● **WHAT IS EXPECTED**
From the line that contains "houseki_no_kuni, long_hair, nail_polish" down to the last line of the data below, restate every line word for word, skipping any images.

● **DATASET EXCERPT**

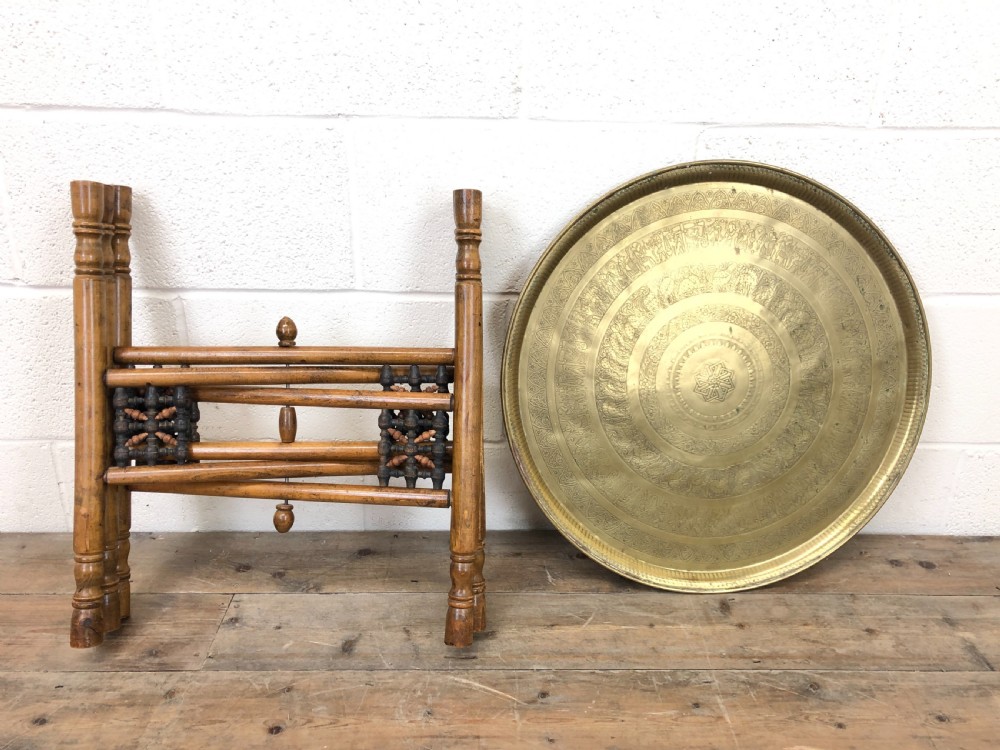 Early 20th Century Folding Table with Brass Top View VI
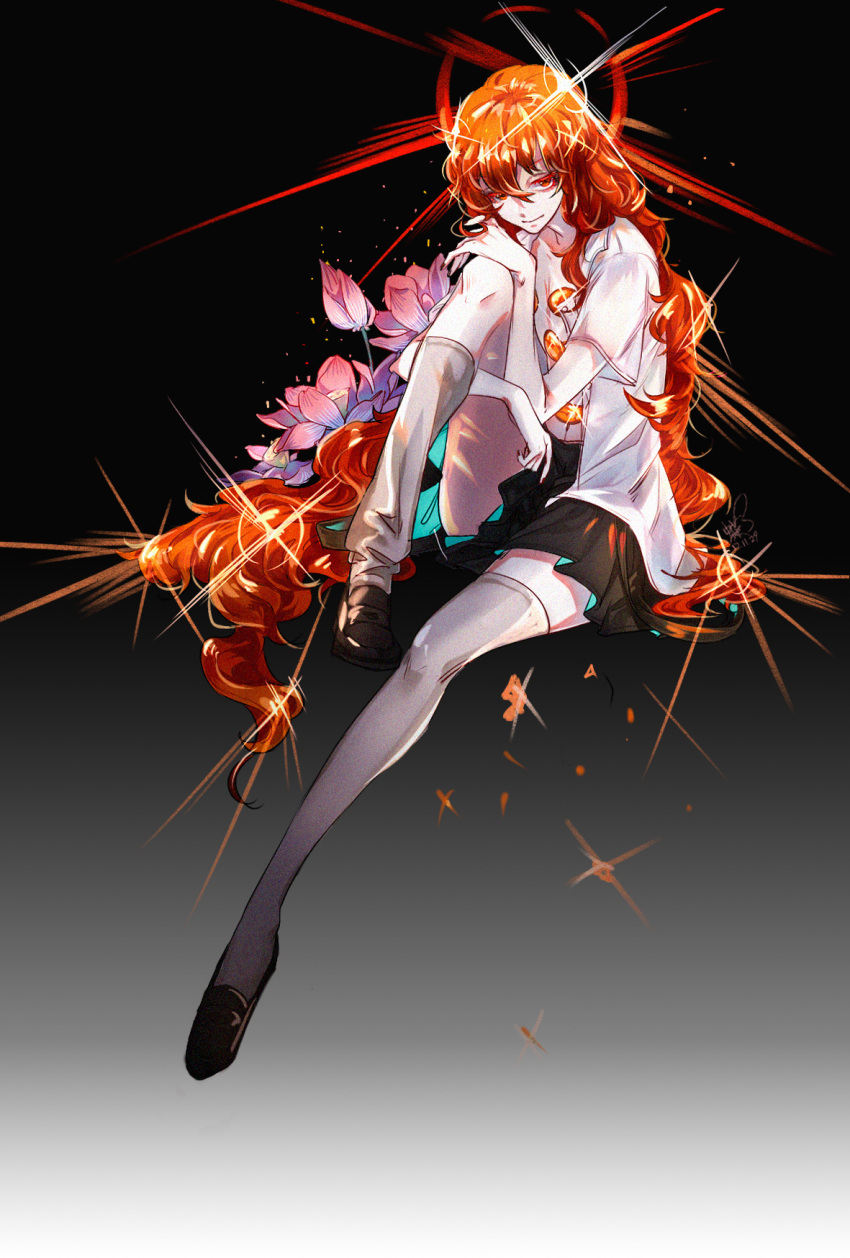 androgynous, flower, gem_uniform_(houseki_no_kuni), highres, houraisan_chouko, houseki_no_kuni, long_hair, nail_polish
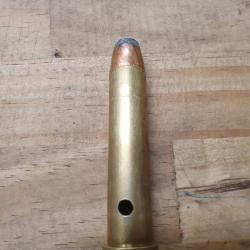 1 cartouche inerte de calibre 45-70 &agrave; balle demie blind&eacute;e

● **SOLVED EXERCISE**
 androgynous, flower, gem_uniform_(houseki_no_kuni), highres, houraisan_chouko, houseki_no_kuni, long_hair, nail_polish
 1 cartouche inerte de calibre 45-70 &agrave; balle demie blind&eacute;e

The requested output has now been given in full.